■ Given data ■
******

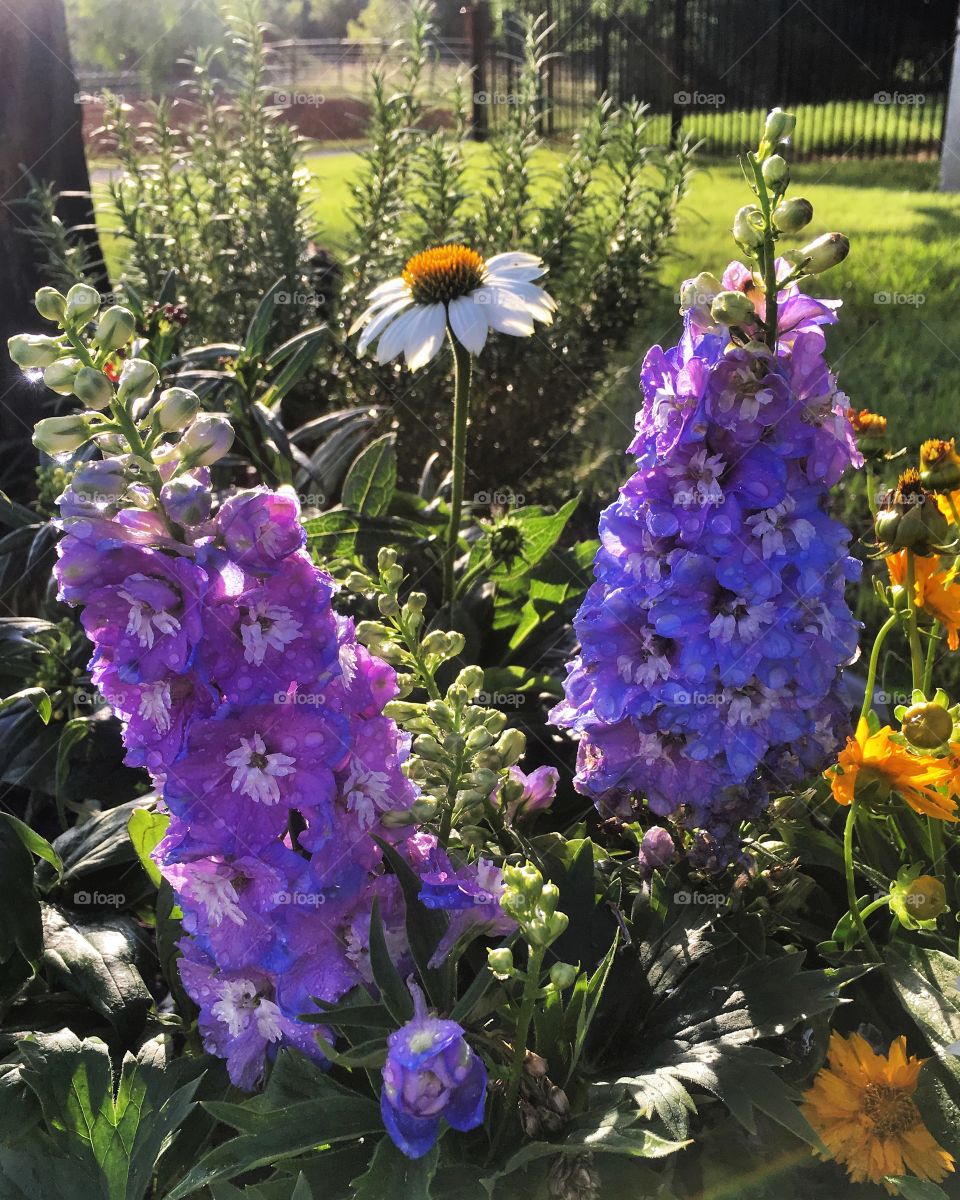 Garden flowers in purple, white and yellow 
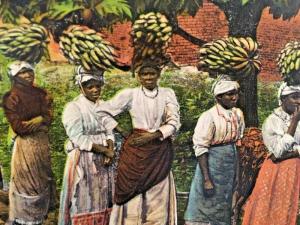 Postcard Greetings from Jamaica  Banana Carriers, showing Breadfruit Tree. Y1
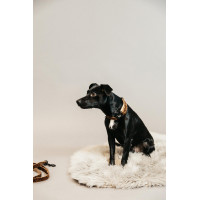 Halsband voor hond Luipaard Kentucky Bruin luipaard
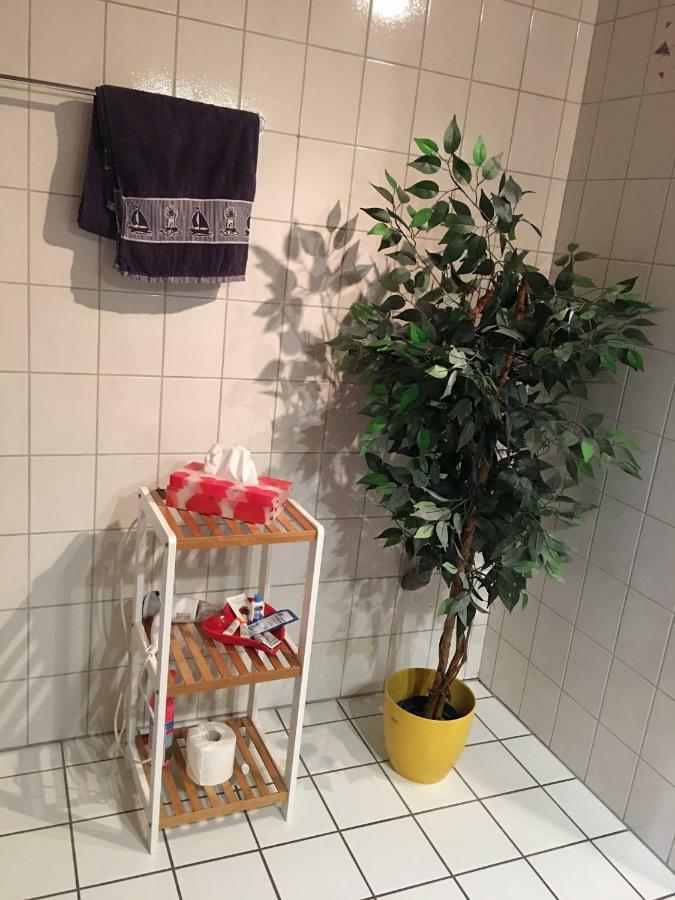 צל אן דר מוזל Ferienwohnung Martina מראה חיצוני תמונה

******

■ Exercise instructions ■
Lines from the one that holds "Postcard Greetings from" through the final line of the material are to be duplicated exactly; no pictures belong in the copy.

■ Solution to this problem ■
 Postcard Greetings from Jamaica  Banana Carriers, showing Breadfruit Tree. Y1
 Halsband voor hond Luipaard Kentucky Bruin luipaard
 צל אן דר מוזל Ferienwohnung Martina מראה חיצוני תמונה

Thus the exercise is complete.